Dimetrodon: The Oft-Misidentifed Permian Synapsid.

Greetings. Dimetrodon. An extinct genus of non-mammalian synapsid that lived during the Early Permian Period, approximately 295 to 272 million years ago. With the genus' species measuring between 1.7 and 4.6 meters in length as adults, and weighing between 28 and 250 kilograms, Dimetrodon's most prominent feature was the large neural spine sail formed by elongated spines extending from the animal's vertebrae.

Named in 1878 by Edward Drinker Cope, Dimetrodon is often mistaken for a dinosaur or as a contemporary of dinosaurs in popular culture, but this belief is without merit, for the genus went extinct some 40 million years before the appearance of the first dinosaurs during the subsequent Triassic Period. Although reptilian in outward appearance and internal physiology, Dimetrodon was much more closely related to mammals than to reptiles, despite the fact that it is not a direct ancestor of modern-day mammals. Dimetrodon is classified as a non-mammalian synapsid, a group traditionally called the "mammal-like reptiles," but now correctly referred to as "stem mammals." This scientific assignment groups Dimetrodon together with all mammals in the clade Synapsida, while reptiles are placed in a separate clade, the Sauropsida.

Dimetrodon was a powerful apex predator, feeding on fish and tetrapods, including other reptiles and amphibians. Some smaller species of Dimetrodon may have had slightly different ecological roles. All species of dimetrodon had a semi-sprawling posture between that of a mammal and a lizard and also could walk in a more upright stance with its body and the majority or all of its tail held completely off the ground. The largest species of Dimetrodon were among the most successful predators of the Early Permian. A single large opening on either side of the back of the skull links Dimetrodon to mammals and distinguishes it from most of the earliest synapsids, which either lack cranial openings or have two openings. Physical features such as ridges on the inside of the animal's nasal cavity and a ridge at the back of the lower jaw are now thought to be part of an evolutionary progression from early four-limbed land-dwelling reptilian vertebrates to the earliest terrestrial mammals. 

There is some evidence suggesting that some species of Dimetrodon were endothermic, warm-blooded like true mammals, dinosaurs, and the birds (avian dinosaurs.) If so, Dimetrodon would be the earliest example of an endothermic animal known to modern science. 

The sail of Dimetrodon was formed by elongated neural spines projecting from the vertebrae. Each spine varied in cross-sectional shape from its base to its tip in what is now known as dimetrodont differentiation. Near the vertebrae, the spine cross-section was laterally compressed into a rectangular shape and, closer to the tip, it took on a figure-eight shape as a groove ran along either side of the spine, reinforcing the spine, preventing bending and/or fractures. Fossilized remains have demonstrated that the shape of the spines changed as each individual animal progressed through its life cycle. The lower or proximal portion of the spine had a rough surface that would have served as an anchoring point for the back muscles and also had a network of strong but flexible connective tissues. Higher up on the outer or distal portion of the spine, the bone surface was substantially smoother. The periosteum, a layer of tissue surrounding the bone, was covered in small grooves that presumably supported the blood vessels that vascularized the entire sail structure. The large groove that ran the length of the spinal column was once thought by paleontologists to be a channel for blood vessels, but since the bone does not contain any vascular canals, the sail of Dimetrodon is now thought to have not been as highly vascularized as once thought. Interestingly, some fossilized specimens of Dimetrodon preserve deformed areas of the neural spines that appear to be healed-over fractures. The cortical bone that grew over these breaks is highly vascularized, suggesting that soft tissue must have been present on the sail to supply the site with blood vessels. 

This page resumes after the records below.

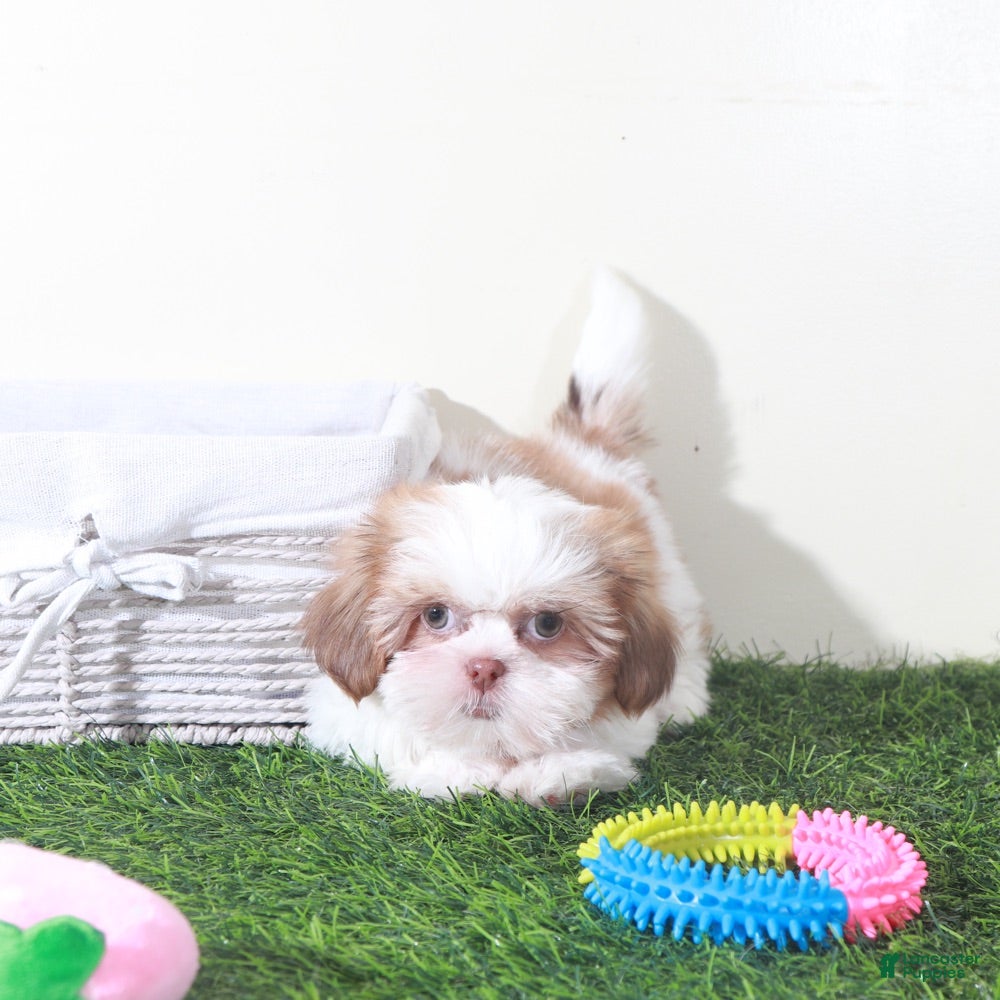 Shih Tzu dogs Millie-Sweet Female Shih-tzu Puppy - Ad 1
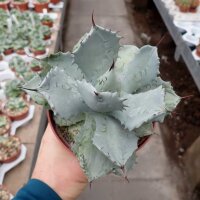 Agave potatorum v. verschaffeltii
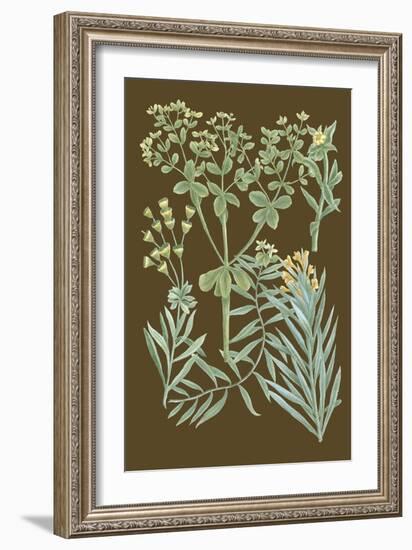 Organic Greenery IV-Johann Wilhelm Weinmann-Framed Art Print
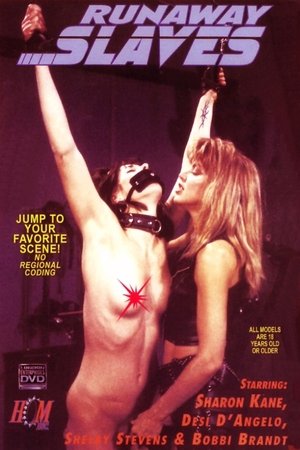Poster Runaway Slaves 1994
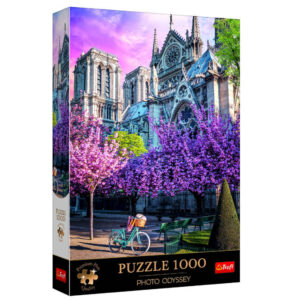 puzzle notre dame de paris 1000 pièces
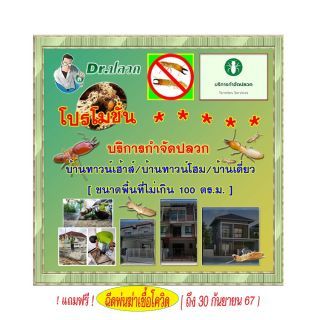 Dr.ปลวก-บริการกำจัดปลวก(บ้านทาวน์เฮ้าส์)-ขนาดไม่เกิน 100 ตร.ม.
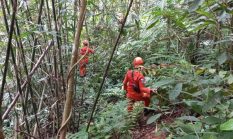 Pria 61 Tahun Hilang di Ladang Harau Sumbar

As with other sail-backed species in the fossil record, the physiological function of the neural sail has not been firmly determined by paleontologists. 

Fossilized remains of the genus are known from the United States; Texas, Oklahoma, New Mexico, Arizona, Utah and Ohio, from Canada; Prince Edward Island, and interestingly, from Germany, locations that were all part of the supercontinent Pangaea during the Early Permian. 

Thank you for your time and consideration.